Thursday 21 August 2014

CPS function - what might be possible to prove in a Court

Taken from todays' Crown Prosecution Service circular.

Notes to editors:
The CPS’s function is not to decide whether a person is guilty of a criminal offence, but to make fair, independent and objective assessments about whether it is appropriate to present charges for the criminal court to consider. The CPS assessment of any case is not in any sense a finding of, or implication of, any guilt or criminal conduct. It is not a finding of fact, which can only be made by a court, but rather an assessment of what it might be possible to prove to a court, in accordance with the Code for Crown Prosecutors, a copy of which is provided here.

Wonderful sentiment. Now enforce this in the Corporate Murder of Accrington Veteran and dementia sufferer Robert Michael (aka Andy) Miller.  Let, as the Law prescribes, a jury determine the cause of death in Mr Miller's instance and put aside the ruling from a poorly investigated case presented at the Coroner's Court.  

As many readers understand, those especially who are and have close friends and relatives stricken with heart disease and strokes, the instant you are discharged from hospital you are expected to take three monthe STRESS FREE rehabilitation.
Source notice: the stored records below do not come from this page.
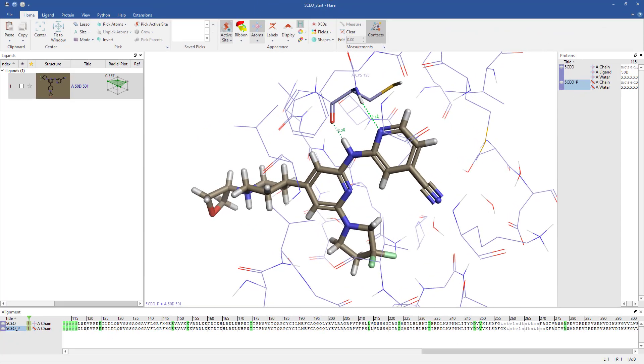Flare features the ability to perform confirmation hunts and ligand-based alignments on molecules as a way of making meaningful comparisons across chemical series.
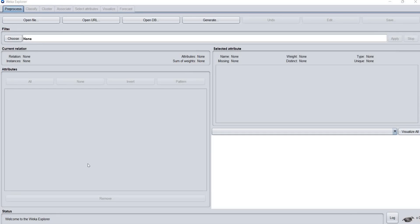Welcome you all. In this video, I am going to explain how to perform classification in data mining using Weka Explorer.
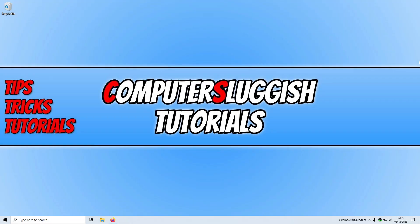Yo what's up everyone, in this video I'll be showing you how to download and install The Finals to your Windows computer.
Andy was dragged out of his sick bed only a fortnight after being discharged from hospital where he had been in intensive care and a coma after having a heart attack and then a major stroke.  It is possible that he would be on the terraces of Ewood Park today if the bailiff had not violated every aspect of his recovery.  A simple fact but one ignored by both Jack Straw as Minister for (In)Justice, and the local Coroner who ruled that Andy died of Natural Causes.  The evidence suggests otherwise but both the Coroner and MoJ have come to conclusions without reviewing ALL known facts.